Retype, character for character, the line containing "Aumentan las protestas" along with each line after it through the end of the data, and only those.

++++++++++++++++++++

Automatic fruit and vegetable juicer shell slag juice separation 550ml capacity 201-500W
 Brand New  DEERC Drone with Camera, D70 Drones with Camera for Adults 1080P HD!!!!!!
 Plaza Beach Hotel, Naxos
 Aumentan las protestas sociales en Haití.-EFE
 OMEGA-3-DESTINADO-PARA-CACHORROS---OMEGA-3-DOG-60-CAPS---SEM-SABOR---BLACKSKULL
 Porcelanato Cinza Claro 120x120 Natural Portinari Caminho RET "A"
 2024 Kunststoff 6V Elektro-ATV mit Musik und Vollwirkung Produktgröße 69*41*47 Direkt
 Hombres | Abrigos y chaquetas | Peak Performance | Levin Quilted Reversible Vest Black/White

++++++++++++++++++++

▸ **Exercise output**:
 Aumentan las protestas sociales en Haití.-EFE
 OMEGA-3-DESTINADO-PARA-CACHORROS---OMEGA-3-DOG-60-CAPS---SEM-SABOR---BLACKSKULL
 Porcelanato Cinza Claro 120x120 Natural Portinari Caminho RET "A"
 2024 Kunststoff 6V Elektro-ATV mit Musik und Vollwirkung Produktgröße 69*41*47 Direkt
 Hombres | Abrigos y chaquetas | Peak Performance | Levin Quilted Reversible Vest Black/White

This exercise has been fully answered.